Prior to “Grey’s,” Dane appeared in minor roles on shows such as “Saved by the Bell,” “Roseanne,” “Gideon’s Crossing,” and “Charmed.” Dane followed his “Grey’s Anatomy” run with appearances on the ABC spinoff “Private Practice,” a prominent part in TNT’s “The Last Ship,” and a spell as a clandestine real estate magnate and father in HBO’s teen thriller “Euphoria.”
Following “Grey’s Anatomy,” he acted in a number of films, including “X-Men: The Last Stand,” “Marley & Me,” “Burlesque,” and Garry Marshall’s “Valentine’s Day,” which reunited him with co-star Patrick Dempsey.
Dane did not want to become an actor until he was suddenly cast in his high school’s performance of Arthur Miller’s “All My Sons,” but he “fell in love with it,” he told the Gulf Times in 2014.
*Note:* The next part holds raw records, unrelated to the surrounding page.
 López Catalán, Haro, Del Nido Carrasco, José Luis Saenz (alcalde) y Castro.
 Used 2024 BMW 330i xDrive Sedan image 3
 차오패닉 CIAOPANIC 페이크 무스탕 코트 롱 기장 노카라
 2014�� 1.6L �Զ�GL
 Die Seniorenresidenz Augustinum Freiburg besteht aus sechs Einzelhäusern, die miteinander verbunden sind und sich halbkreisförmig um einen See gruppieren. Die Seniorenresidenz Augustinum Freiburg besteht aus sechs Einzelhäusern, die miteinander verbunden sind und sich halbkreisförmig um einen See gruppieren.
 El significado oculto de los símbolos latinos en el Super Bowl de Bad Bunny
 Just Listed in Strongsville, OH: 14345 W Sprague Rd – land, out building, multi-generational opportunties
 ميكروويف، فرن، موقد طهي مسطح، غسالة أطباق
“I was like this is the greatest feeling ever,” he joked.
Eric William Dane was born on November 9, 1972, in San Francisco. His father, a Navy man-turned-architect, died of a gunshot wound when the actor was seven, leaving his mother to raise her two children with the help of her parents.
Dane attended Sequoia and San Mateo High Schools but dropped out before graduating to pursue acting in Los Angeles.
He partied frequently in his twenties and first went to rehab at the age of 26. Despite his “Grey’s Anatomy” success, Dane struggled with addiction to opiates and prescription medications. He relapsed in 2007 during the Writers Guild of America strike, as he admitted in 2024.
“If you take the whole eight years I was on ‘Grey’s Anatomy,’ I was f— up longer than I was sober and that was when things started going sideways for me,” he recounted at the time. Notably, he returned to rehab in 2011 to deal with prescription drug concerns related to a sporting injury.
Dane also talked candidly about his depression, which flared up in 2017 while filming his show “The Last Ship.” During a 2017 “Today” interview, Dane revealed that he was on medicine to treat the disorder, which he described as hitting him “like a truck.”
“I had to take some time off,” he explained at the time. “I went away, I took care of it, and I’m feeling great.”
Dane married “Loving” actress and model Rebecca Gayheart in Las Vegas in 2004, on the same day he proposed to her. Infamously, their relationship was called into question when a leaked film from 2009 showed the couple naked and intoxicated sitting in a bathtub with actor Kari Ann Peniche. Marty Singer, the spouses’ attorney at the time, downplayed the controversy.
However, the couple separated in 2017, and Gayheart filed for divorce from Dane in 2018, but the divorce was never finalized. Then, in March 2025, just before he revealed his ALS, she filed a request to dismiss the initial petition.
After revealing his illness, Dane participated in an episode of the NBC medical drama “Brilliant Minds” as a courageous firefighter trying to tell his family he had ALS. The episode aired in late November, and Gayheart disclosed in a late December New York magazine column that the actor was receiving 24-hour nursing care, with her filling the majority of the caretakers’ missed shifts.
“We haven’t lived in the same house for eight years; he’s dated other people, and I’ve dated someone,” Gayheart wrote in the article, which detailed Dane’s diagnosis and its impact on the family. “It’s a complicated relationship that people struggle to understand. Our love may not be romantic, but it is a family love. Eric understands I will always want the best for him. That I will do my best to look after him. I know he’d do the same for me.
“So whatever I can do or however I can show up to make this journey better for him or easier for him, I want to do that,” she told me. “And I want to set an example for my daughters: that is what you do. That’s the correct thing to do.”
Dane is survived by his children, Billie (15) and Georgia (14), whom he shares with Gayheart.